Драматический этот процесс продолжался десятилетия; и в тот миг, когда государство, казалось бы, одержало окончательную победу — оно само рухнуло, оно пошло прахом! Ибо не стало того, из чего состоит государство, не стало людей, что способны самостоятельно строить и думать, предвидеть и защищать, — а большинство превратилось, как этого государство хотело, в безликую и покорную массу. Советское государство погибло в тот самый момент, когда победило — когда сложный, трагический, десятилетия шедший процесс подавления и развращения личностей достиг, наконец, своей цели. Число самодостаточных и ответственных личностей упало в Советском Союзе ниже некой критической отметки — иссякла их тайная сила, харизма, державшая до поры государство, — и империя рухнула, как человек, из которого вынули кости...

Тот центральный конфликт, что почти целый век тлел внутри, в сердцевине советского строя, был в истинном смысле  а г о н и е й [2] 2 , то есть борьбой государства с самим же собой. И чем успешнее шла та борьба — тем обреченнее был победитель.

“Будь жив Чехов...” — горестно предполагал Иван Бунин; если бы Чехов прожил еще тридцать лет — думается сегодня, — кто знает, не изменило бы это позднейший и даже теперешний облик России в сторону большей его человечности, внутренней прочности и самоуважения? Если бы в нас, русских людях, оказалось больше от чеховской — несокрушимой по силе и скромной по внешним ее проявлениям — души, кто знает, каким государством вошла бы Россия в третье тысячелетие.

VII

 

Удивительным образом действуют чеховские фотографические портреты. Кажется, что не ты видишь перед собой его изображение — а, наоборот, сам находишься перед ним, сам, словно школьник экзаменатору, предстоишь взгляду Чехова. И лишь перед Чеховым бывает так стыдно — стыдно собственной лени и грубости, малодушия, лживости и пустоты.

И еще, глядя в его утомленно-внимательные глаза, сознаешь, что ответом на тот вопрос — или, точнее сказать, тот призыв, — что исходит от взгляда и облика Чехова, должны быть не просто слова или жесты — но ответом на этот призыв должна стать вся твоя жизнь целиком.

Такое же действие производят иконы святых. Не их лики расположены перед зрителем — но человек, созерцающий эти иконы, предстоит им, находится перед ними. Это их, святых, взгляды вопрошают нас с бесконечным терпением, скорбью, надеждой — ожидая ответа от наших растерянных душ.

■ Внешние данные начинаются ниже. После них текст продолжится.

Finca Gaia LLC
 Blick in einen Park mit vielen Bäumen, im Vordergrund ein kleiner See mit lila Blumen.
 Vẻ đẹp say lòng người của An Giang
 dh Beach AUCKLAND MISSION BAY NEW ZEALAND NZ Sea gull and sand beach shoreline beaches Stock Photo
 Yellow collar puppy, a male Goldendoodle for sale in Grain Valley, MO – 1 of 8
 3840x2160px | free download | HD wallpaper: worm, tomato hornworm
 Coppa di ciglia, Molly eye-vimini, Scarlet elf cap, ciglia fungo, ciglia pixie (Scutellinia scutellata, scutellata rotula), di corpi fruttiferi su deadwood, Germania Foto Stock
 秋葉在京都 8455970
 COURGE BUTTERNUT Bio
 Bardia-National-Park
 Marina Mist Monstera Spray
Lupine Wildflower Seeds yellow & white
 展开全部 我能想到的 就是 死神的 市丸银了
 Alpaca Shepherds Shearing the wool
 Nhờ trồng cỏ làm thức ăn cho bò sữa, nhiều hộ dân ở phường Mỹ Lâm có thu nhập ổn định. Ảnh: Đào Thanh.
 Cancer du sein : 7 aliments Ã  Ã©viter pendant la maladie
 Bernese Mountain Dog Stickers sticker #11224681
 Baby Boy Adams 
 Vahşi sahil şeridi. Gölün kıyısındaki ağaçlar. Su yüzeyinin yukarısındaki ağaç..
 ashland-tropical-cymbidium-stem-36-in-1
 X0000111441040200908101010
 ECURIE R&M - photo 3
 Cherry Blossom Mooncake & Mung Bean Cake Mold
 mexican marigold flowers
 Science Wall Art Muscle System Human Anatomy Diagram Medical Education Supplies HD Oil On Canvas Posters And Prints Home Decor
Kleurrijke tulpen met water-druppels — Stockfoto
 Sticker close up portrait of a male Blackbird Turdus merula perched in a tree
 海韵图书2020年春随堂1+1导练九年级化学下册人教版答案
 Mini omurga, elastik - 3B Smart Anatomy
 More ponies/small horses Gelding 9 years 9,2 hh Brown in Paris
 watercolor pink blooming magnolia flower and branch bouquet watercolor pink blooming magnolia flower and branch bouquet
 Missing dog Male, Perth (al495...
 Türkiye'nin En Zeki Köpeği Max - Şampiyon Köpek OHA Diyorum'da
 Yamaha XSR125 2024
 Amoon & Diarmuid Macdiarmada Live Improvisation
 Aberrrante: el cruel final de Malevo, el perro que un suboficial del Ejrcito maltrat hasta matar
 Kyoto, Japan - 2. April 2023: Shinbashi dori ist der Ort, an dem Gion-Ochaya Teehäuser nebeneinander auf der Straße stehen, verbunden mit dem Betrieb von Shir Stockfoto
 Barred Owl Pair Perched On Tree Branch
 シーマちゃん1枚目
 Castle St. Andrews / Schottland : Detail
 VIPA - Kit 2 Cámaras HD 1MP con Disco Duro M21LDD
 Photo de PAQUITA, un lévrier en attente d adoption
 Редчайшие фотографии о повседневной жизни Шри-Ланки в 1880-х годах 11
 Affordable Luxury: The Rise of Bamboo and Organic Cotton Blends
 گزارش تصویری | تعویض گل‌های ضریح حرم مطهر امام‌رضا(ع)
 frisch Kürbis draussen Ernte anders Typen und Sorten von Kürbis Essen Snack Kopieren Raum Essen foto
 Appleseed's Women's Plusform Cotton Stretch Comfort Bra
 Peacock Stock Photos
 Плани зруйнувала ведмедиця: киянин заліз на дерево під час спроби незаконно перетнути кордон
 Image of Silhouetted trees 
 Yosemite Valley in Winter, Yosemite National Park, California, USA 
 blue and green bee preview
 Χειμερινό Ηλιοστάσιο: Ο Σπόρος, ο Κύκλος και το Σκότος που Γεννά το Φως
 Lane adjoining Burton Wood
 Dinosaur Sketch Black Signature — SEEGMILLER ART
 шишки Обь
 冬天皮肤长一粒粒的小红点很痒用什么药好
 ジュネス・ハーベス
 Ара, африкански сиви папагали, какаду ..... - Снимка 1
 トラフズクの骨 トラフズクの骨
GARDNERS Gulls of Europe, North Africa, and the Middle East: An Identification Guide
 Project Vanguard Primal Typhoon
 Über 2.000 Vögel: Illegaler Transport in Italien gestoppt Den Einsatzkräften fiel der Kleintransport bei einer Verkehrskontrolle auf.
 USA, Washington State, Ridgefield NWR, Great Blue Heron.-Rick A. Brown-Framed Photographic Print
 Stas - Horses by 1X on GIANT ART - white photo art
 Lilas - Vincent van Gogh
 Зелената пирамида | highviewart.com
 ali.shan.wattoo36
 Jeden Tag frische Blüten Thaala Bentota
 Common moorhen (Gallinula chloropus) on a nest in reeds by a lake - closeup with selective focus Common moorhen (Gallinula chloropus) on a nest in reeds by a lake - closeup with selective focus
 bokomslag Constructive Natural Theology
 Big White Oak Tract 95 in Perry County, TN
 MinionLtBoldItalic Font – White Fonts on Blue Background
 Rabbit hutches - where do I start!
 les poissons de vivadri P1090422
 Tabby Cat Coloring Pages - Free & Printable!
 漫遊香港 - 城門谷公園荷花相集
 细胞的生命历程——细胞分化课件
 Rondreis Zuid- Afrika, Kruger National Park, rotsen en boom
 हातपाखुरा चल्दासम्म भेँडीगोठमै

Досадно, что мы, соплеменники Чехова, запоздали сказать самое, может быть, главное о нашем великом писателе и человеке. Это, главное, уже сказано англичанином Джоном Пристли. В книге о Чехове Пристли выразил мысль, что вряд ли мы сможем назвать человека, который полнее, чем Чехов, сумел воплотить в реальную жизнь христианские принципы, — человека, который по духу и по содержанию жизни был ближе к Христу. “Он лечит (бесплатно) крестьян по утрам, занимается садом, школой, библиотекой днем, а вечером пишет шедевр. И все это делается без догматизма, теоре­тизирования или навязчивой идеологии. Все это делается деликатно, с мягким юмором и состраданием. Вот почему я опять повторяю: перед нами была модель нового человека... Антон Чехов был только один”.